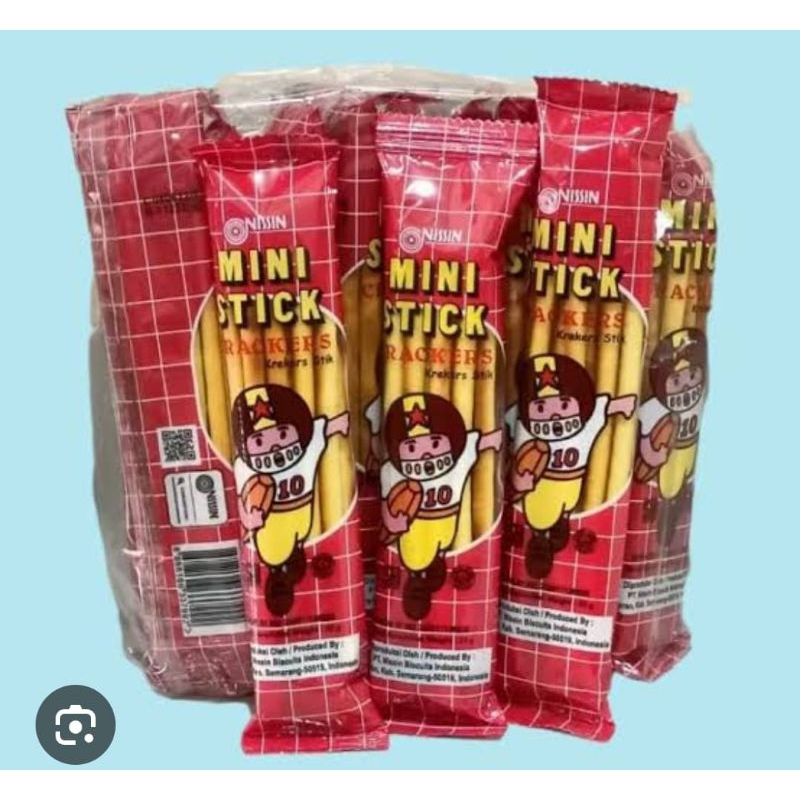 

NISSIN MINI STIK MERAH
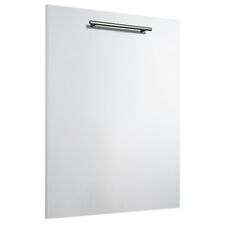 60/45er Geschirrspülerfront Frontblende vollintergriert 19 mm Span Weiß matt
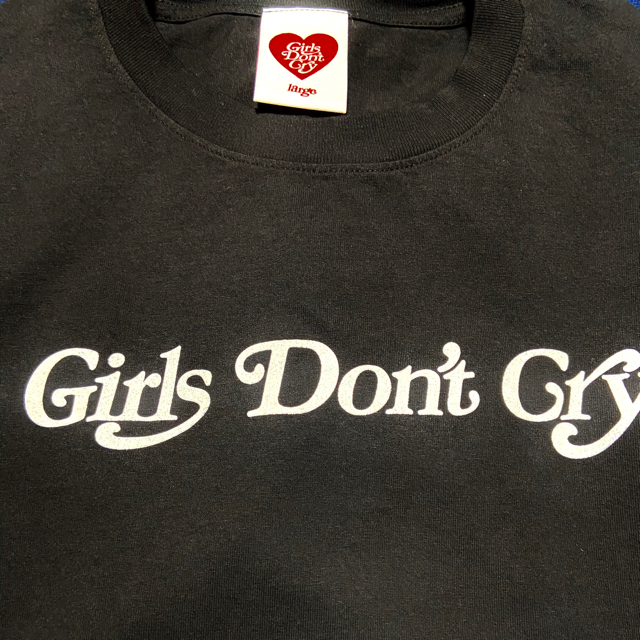 Girls Don't Cry ロンT - Tシャツ/カットソー(七分/長袖)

::::::

● **TASK PROMPT**:
Every line above is to be written out unchanged, with the pictures omitted.

● **RESPONSE TO THE TASK**:
NISSIN MINI STIK MERAH
 60/45er Geschirrspülerfront Frontblende vollintergriert 19 mm Span Weiß matt
 Girls Don't Cry ロンT - Tシャツ/カットソー(七分/長袖)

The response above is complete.